The jury convicted the defendant of violating the wiretapping statute, 1967 Perm. Supp., C.R.S. 1963, 40-4-28. On appeal, the defendant claims that the statute is unconstitutionally vague and that the trial court erred in placing the burden of giving public notice upon the party who installed the wiretap. We affirm.
Now section 18-9-303(1), C.R.S. 1973.
Burden of Giving Notice
 The legislature granted an affirmative defense to those charged with the statutory offense of wiretapping. 1967 Perm. Supp., C.R.S. 1963, 40-4-31, provides that the crime of wiretapping which is in issue in this case was not intended to "prevent any person from using wiretapping or eavesdropping devices on his own premises for security or business purposes if reasonable notice of the use of such devices is given to the public . . ." (Emphasis added.)

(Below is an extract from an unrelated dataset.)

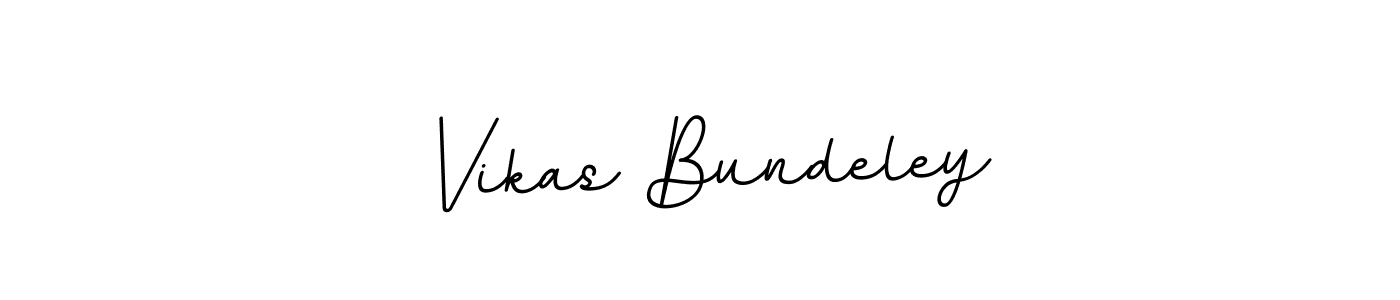 This is the best signature style for the Vikas Bundeley name. Also you like these signature font (BallpointsItalic-DORy9). Mix name signature. Vikas Bundeley signature style 11 images and pictures png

Now section 18-9-305(1), C.R.S. 1973.
 It is uncontested that the defendant acted as the agent of Northrup in installing the wiretap. In instructing the jury as to the elements of the crime, the trial court adopted the position that the burden of giving "reasonable notice" to the public could be placed upon the party who installed the wiretap. We agree.
 The legislature was specific in delineating the requirement of public notice as a condition precedent to the assertion of the "security or business purpose" defense to the crime of wiretapping. While the statute does not specifically designate who is to give notice, the statute does require that public notice be given if the affirmative defense is to be invoked. The burden was on the defendant, who asserted the affirmative defense, to prove that public notice was given. The affirmative defense does not take effect until reasonable notice is given to the public by the agent, the owner, or some third party.
 Even a cursory reading of the affirmative defense provision of the wiretapping statute reflects the legislative intent that public notice must accompany the use of an eavesdropping device for "business security" purposes to obtain the statutory exemption from criminal liability. By placing the burden of proving that the required notice was given upon the party charged under the statute, all parties involved in "business security" wiretap activities, whether as owners, agents, or independent contractors, have an incentive for seeing that reasonable notice is given to the public. Criminal responsibility for wiretapping is the rule; exemption from liability is the exception which hinges upon the giving of notice to the public.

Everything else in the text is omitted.